Over the past few weeks I've been slowly working my way through two things - marking student work for end of term and Nicholas Carr's book The Shallows. Carr is a former editor of The Harvard Business Review and has already written several books about the internet phenomenon. This effort has garnered him a nomination and position as finalist for this year's Pulitzer Prize for Non-fiction and with this book he's tapped into the creeping societal anxiety about how the Internet is changing us. He's also asked one of the most important questions of our current times, particularly for educators: As we enjoy the newfound productivity and wealth that the Net brings, are we also sacrificing our ability to read and think deeply - i.e. is the internet also in danger of making us stupid?
He explains how the book focuses our attention, promoting deep and creative thought. The Internet however encourages the rapid sampling of small bits of information from many sources. We are becoming faster and more efficient at scanning and skim-reading, but what we are losing is our capacity for depth - concentration, contemplation, and reflection.
In The Shallows, Carr describes how human thought has been shaped through the centuries by “tools of the mind” — from the alphabet, to maps, to the printing press, the clock, and the computer — as well as the technologies we use to find, store, and share information reroute our neural pathways.
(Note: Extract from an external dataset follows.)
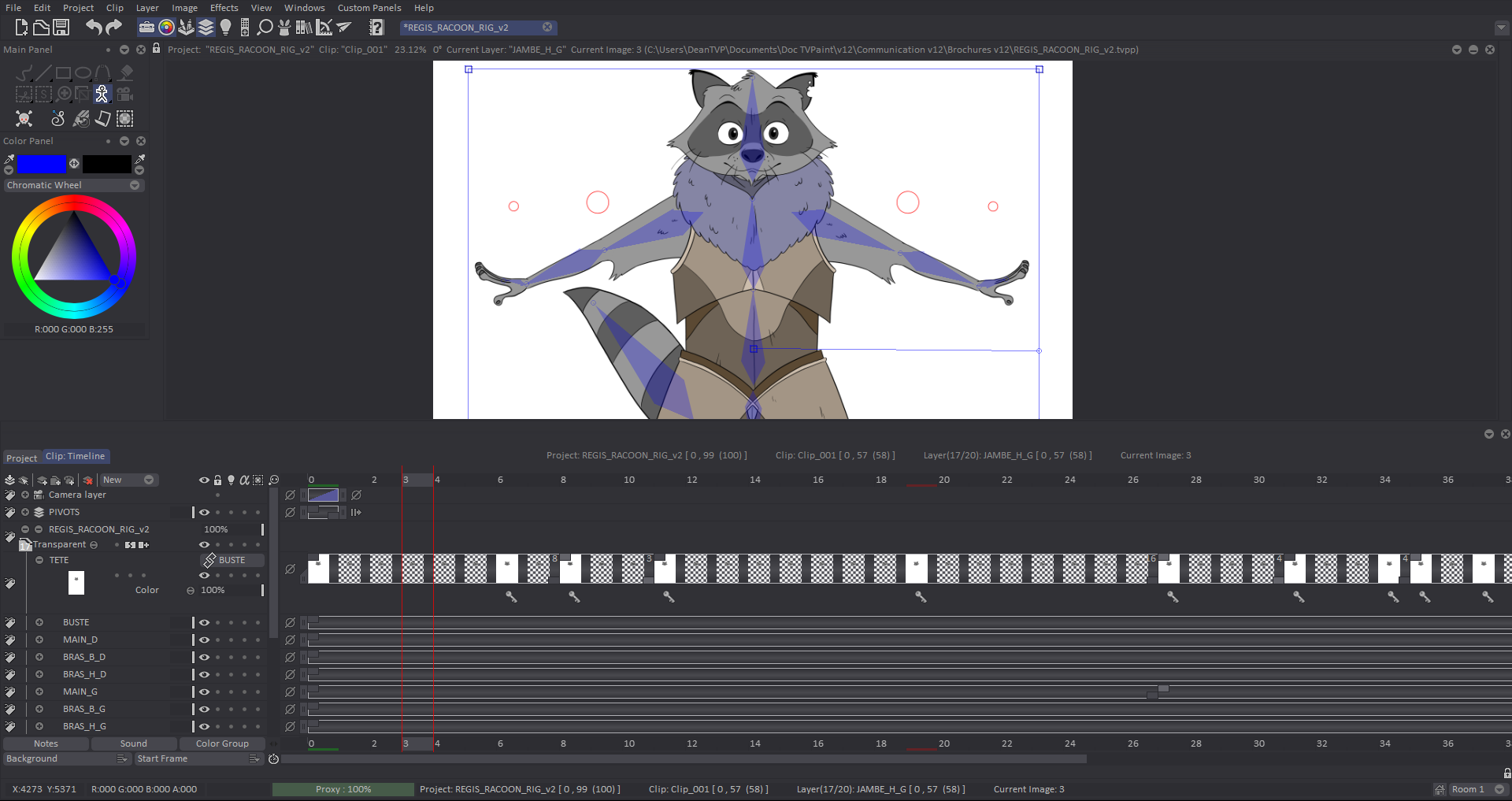 Rigging Bitmap TVPaint Animation 12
I found Carr's book a great read with memorable sections on Nietzsche's insights into the technology of his typewriter, Freud dissecting the brains of sea creatures, Nathaniel Hawthorne discussing the importance of the steam locomotive — as well as asking profound questions about our current evolution as thinking human beings. This is a book that is an easy read, backed up with hard empirical evidence. As an educator in a school with a laptop program, it raised numerous questions, as well as supplying some answers and challenges. Highly recommended to any thinking person - particularly those of us who are finding ourselves more and more wired and net-reliant.
My next book beside the bed is Hamlet's Blackberry -(A Practical Guide for Building the Good Life in the Digital Age). I've already made a start on Hamlet and he makes some similar observations as Carr, but Powers is interested in the lowering of productivity as a result of moving between email and tasks in the workplace - the false economy of the new form of technologically based productivities. More practical than Carr's Shallows, I'll be interested in seeing/reading what William Powers comes up with in his effort and pass on the suggestions soon.